[Task to carry out]:
From the line that contains "Hello again traders" through the line that contains "In the next", output every line of the listing below exactly and leave out all the rest.

[Data shown]:

■ ■ ■ ■ ■

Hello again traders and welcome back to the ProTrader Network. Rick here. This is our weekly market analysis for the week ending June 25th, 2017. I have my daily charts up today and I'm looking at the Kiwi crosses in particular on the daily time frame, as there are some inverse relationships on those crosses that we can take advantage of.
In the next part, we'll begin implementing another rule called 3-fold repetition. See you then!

■ ■ ■ ■ ■

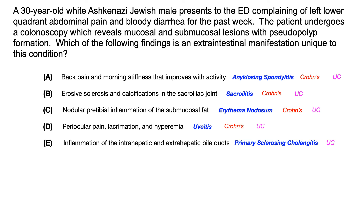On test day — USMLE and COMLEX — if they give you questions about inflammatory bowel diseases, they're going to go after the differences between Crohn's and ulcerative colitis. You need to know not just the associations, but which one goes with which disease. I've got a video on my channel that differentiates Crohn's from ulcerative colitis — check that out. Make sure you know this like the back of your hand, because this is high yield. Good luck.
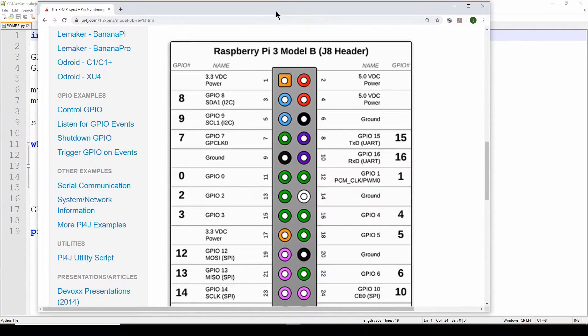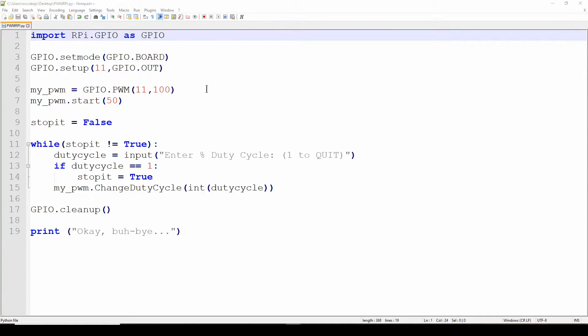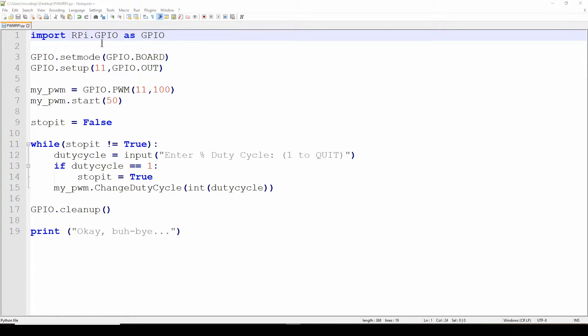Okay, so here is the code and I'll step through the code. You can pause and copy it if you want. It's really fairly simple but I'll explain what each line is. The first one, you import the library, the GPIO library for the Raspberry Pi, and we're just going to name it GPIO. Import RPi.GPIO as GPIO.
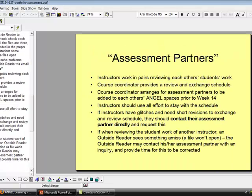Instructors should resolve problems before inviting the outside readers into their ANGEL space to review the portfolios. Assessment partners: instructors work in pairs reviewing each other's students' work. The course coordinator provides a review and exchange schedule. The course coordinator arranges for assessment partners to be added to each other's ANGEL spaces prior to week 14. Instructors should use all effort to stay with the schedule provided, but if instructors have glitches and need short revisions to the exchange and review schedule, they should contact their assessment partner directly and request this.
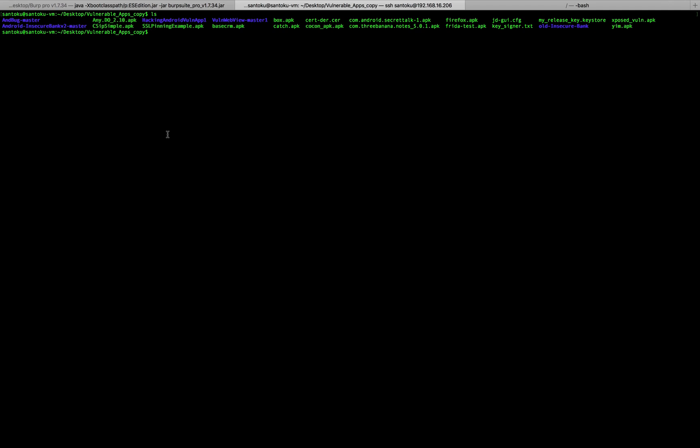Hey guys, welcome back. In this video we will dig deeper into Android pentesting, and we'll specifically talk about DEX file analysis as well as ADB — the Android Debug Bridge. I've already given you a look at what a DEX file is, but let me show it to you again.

■ ■ ■ ■ ■

[Solution for this exercise]:
Hello again traders and welcome back to the ProTrader Network. Rick here. This is our weekly market analysis for the week ending June 25th, 2017. I have my daily charts up today and I'm looking at the Kiwi crosses in particular on the daily time frame, as there are some inverse relationships on those crosses that we can take advantage of.
In the next part, we'll begin implementing another rule called 3-fold repetition. See you then!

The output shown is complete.